In conclusion therefore 2014 is liable to be a period of both continuity and change for NATO. This thesis has noted the lessons learnt by the Alliance during its time in Afghanistan, and how its withdrawal from that theatre will change the alliance from being on a war-fighting footing to being on a peace time one; and an alliance likely far more subject to public opinion then it has been previously. The difficulties and potential operational theatre of Syria was then discussed with this thesis arguing that an intervention of some sort should not be ruled out, though given Russia’s position this would likely be only undertaken under a UN mandate, and even then only if public opinion in NATO-member countries allowed. This thesis then looked at the issue of Russia, arguing that although Russia no longer presents an invasion risk, it does nevertheless continue to pose risks to NATO-members over border issues, arctic hydrocarbon extraction and nuclear missile siting, and that whilst there is a sizable opportunity for co-opportunity with Russia, those NATO-member countries which feel under threat will continue to ensure that Russia remains high on the NATO agenda. The increasing need for, and use of, soft power by NATO was then discussed; touching upon technology enabled networks, cyber security and the enforcement of UNSCR 1325, with this thesis arguing that increasingly soft power is likely to be used alongside and in conjunction with the more traditional hard power capabilities.

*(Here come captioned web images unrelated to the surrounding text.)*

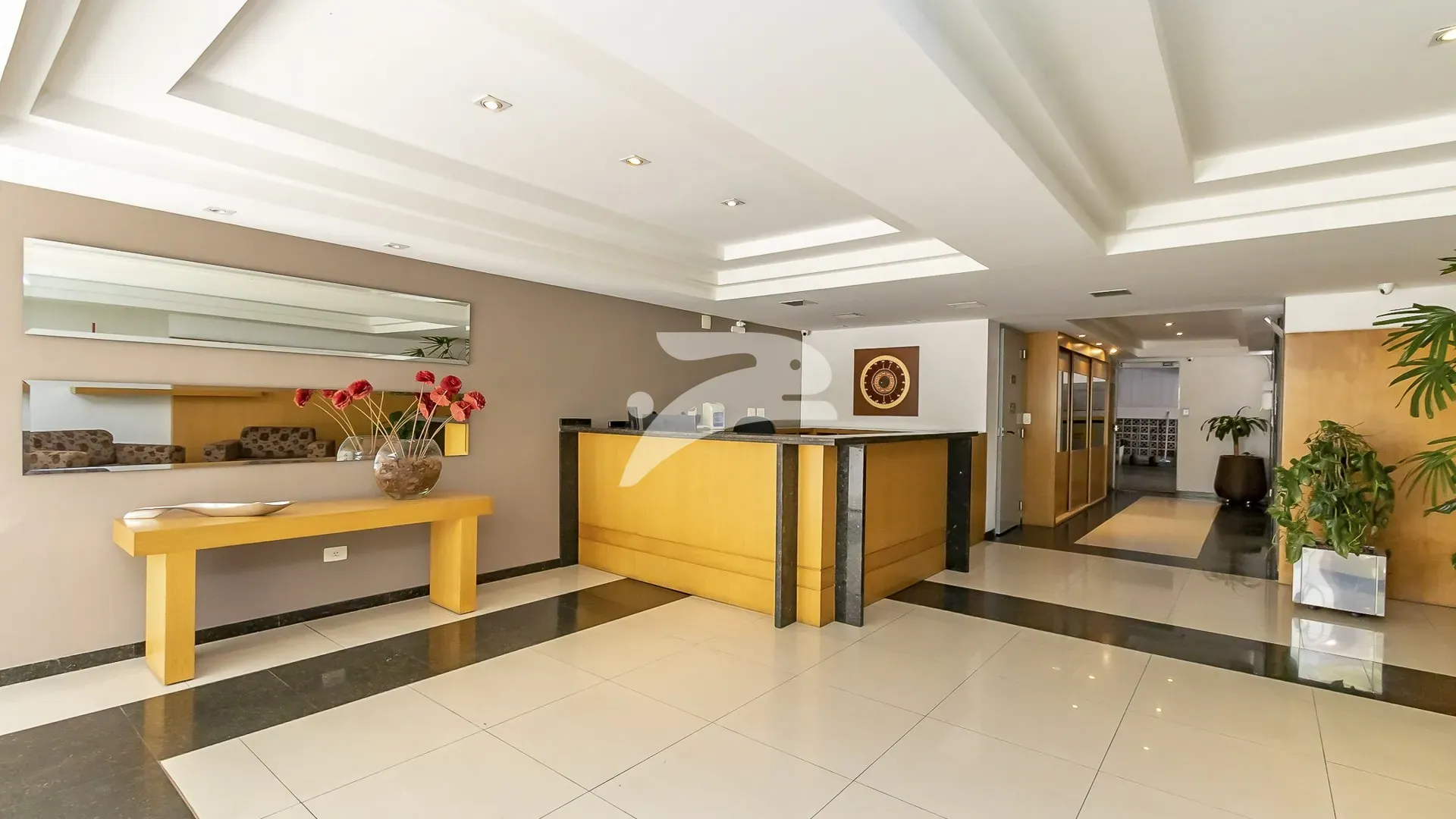 Furnished 3-bedroom apartment with 129 m² on the 7th floor — photo 4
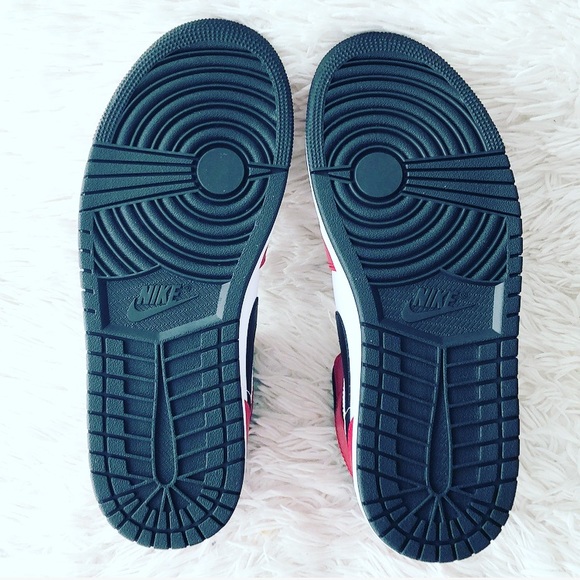 NIKE AIR JORDAN 1 MID ‘CHICAGO BLACK TOE’ SNEAKERS - Picture 8 of 15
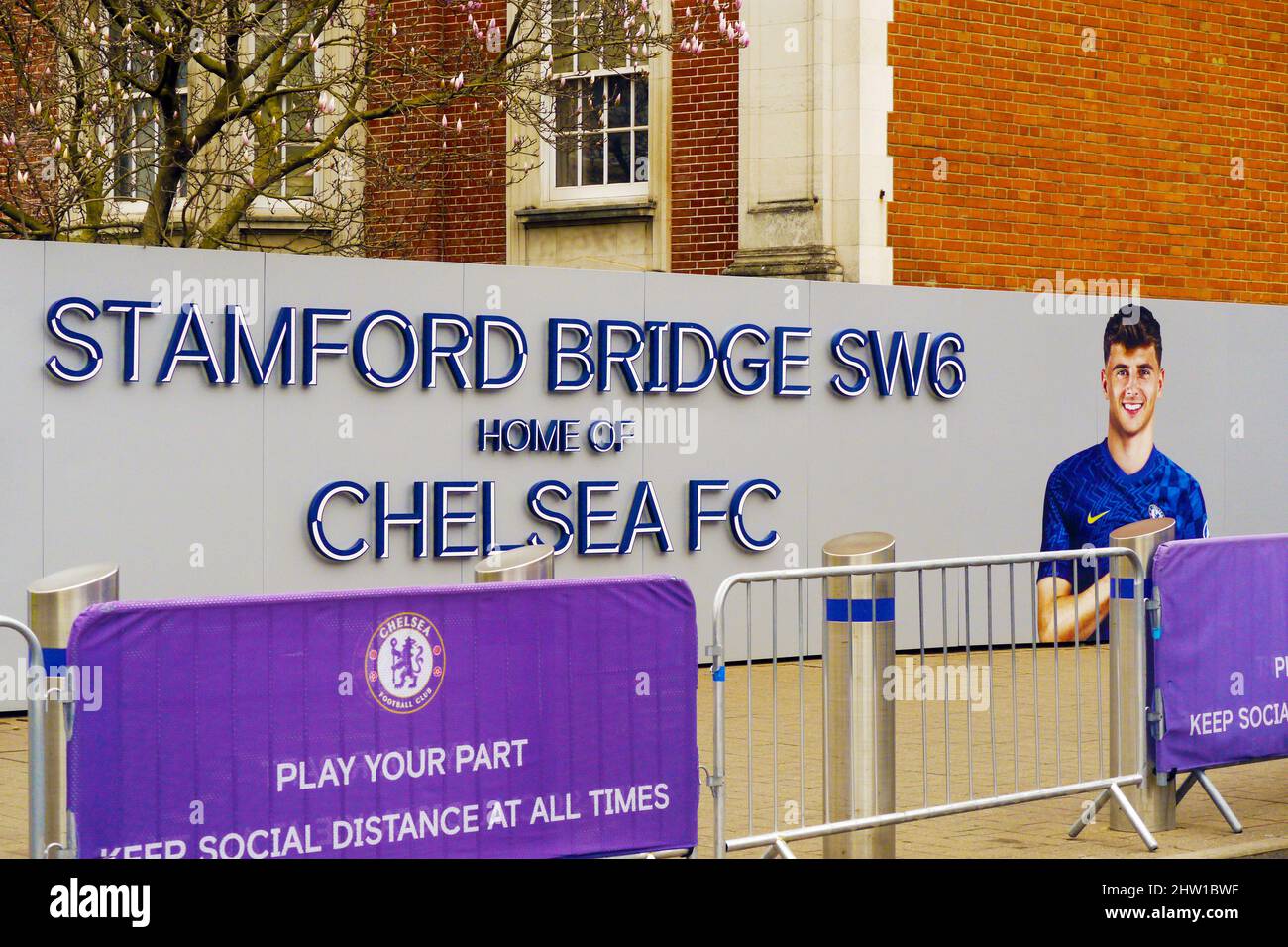 Londra, Regno Unito. 3rd Mar 2022. Chelsea Football Club, Stamford Bridge SW6 a Fulham va in vendita per £3 miliardi da Roman Abramovich a seguito di crack giù su oligarchi come la Russia invade l'Ucraina. Credit: JOHNNY ARMSTEAD/Alamy Live News Foto Stock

Finally this thesis evaluated the UK-NATO relationship and how it is likely to evolve throughout 2014, arguing that the UK is likely to be keen to maintain NATO as the primary military alliance in Europe instead of an EU based force, and that calls for increased inter-operability are likely to run into difficulties in terms of the ability for those shared resources to be deployed by other member states in the face of one contributory countries national veto. In sum although politicians and policy makers undoubtedly hope that 2014 will be a quiet year on the foreign policy front, to allow them to focus upon domestic, particularly economic issues; in reality there is a continued need and importance for NATO and every chance that it could play a leading role many times throughout the year.